The latter one with FORCE ORDER query cost is only 26%.
I think the problem, when HASH JOIN is forced, is that optimizer must do index scan for both tables (Employee and EmployeeAddress) and build hash table out of one of them. That takes time. Then it have to go through the hash table and calculate hash from the other table and so on.
In the latter case optimizer scans only the Employee table and does index seek to the EmployyAddress table in a single run.
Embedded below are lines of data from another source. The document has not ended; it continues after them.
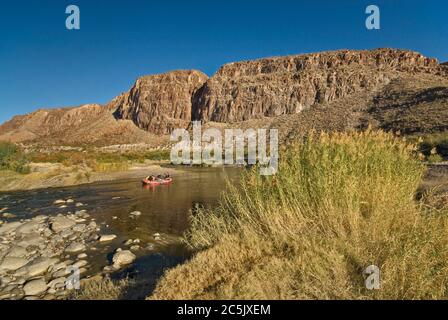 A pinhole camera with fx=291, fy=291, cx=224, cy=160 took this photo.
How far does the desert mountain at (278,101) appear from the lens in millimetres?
54519

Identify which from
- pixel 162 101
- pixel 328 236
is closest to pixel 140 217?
pixel 328 236

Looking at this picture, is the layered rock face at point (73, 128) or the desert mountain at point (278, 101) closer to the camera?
the desert mountain at point (278, 101)

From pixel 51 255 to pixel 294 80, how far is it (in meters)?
101

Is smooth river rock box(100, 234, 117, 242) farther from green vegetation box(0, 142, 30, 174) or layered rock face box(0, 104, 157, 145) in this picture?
layered rock face box(0, 104, 157, 145)

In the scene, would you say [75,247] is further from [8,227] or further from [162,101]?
[162,101]

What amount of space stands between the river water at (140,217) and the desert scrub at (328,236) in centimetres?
93

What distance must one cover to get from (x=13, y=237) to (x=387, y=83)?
79.9m

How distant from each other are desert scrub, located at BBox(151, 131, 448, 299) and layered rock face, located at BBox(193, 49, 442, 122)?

Allthough index seek is done “SELECT COUNT(*) FROM Employee” times it is still faster than filling and comparing hash table.
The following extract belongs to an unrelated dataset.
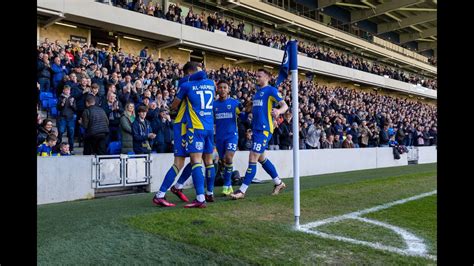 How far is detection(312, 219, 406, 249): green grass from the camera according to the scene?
3.99 meters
But these are just my thoughts and I’m glad to be corrected :)
It’s been my experience with OPTION(FORCE ORDER) that it only increases preformance if the order your tables appear in SQL is from smallest rowset to largest, such as:
Company > Division > Employee > Entry
and it makes things worse if they appear in any other order, such as
Entry > Employee > Division > Company
Hi Pinal,
I need synchronize the tables from client to server and server to client using SQL server Sync framework and also sync from server to client sync based on some conditions.
regards,
Hema
Pinal,
It’s one thing to say the Force Order hint doesn’t improve performance over the Optimizer, but have you come across a situation where you absolutely needed the Force Order hint?
Amazingly, I have!
But reproducing it is not easy..
I’ll do my best to describe.
2005 Standard 64
CREATE TABLE A (
[A_id] int pk identity(1,1),
[B_id] int,
[Ref] varchar(200)
)
CREATE TABLE B (
[B_id] int pk identity(1,1),
[RefType] int
)
CREATE TABLE C (
[C_id] int pk identity(1,1),
[D_id] int,
…
)
CREATE TABLE D (
[D_id] int pk identity(1,1),
…
)
Table A
The idea here is that [Ref] can hold different keys for different tables. Table B’s [RefType] defines which table/key to join on.
Table C is that table. Lastly, Table D simply joins with C but really has nothing more to do with the situation other than returning a column.
— Data —
Table A (big)
1,1,’123′
2,2,’ABC’
Table B (small)
1,1
2,2
Table C (very big)
123, 85, …
Table D (small)
85, …
Finally, the fun:
SELECT *
FROM A
JOIN B ON B.B_ID = A.B_ID
JOIN C ON C.C_ID = CAST(A.Ref as int)
JOIN D ON D.D_ID = C.D_ID
WHERE B.RefType = 1
A is scanned first; B should be next, but sometimes the optimizer chooses C instead.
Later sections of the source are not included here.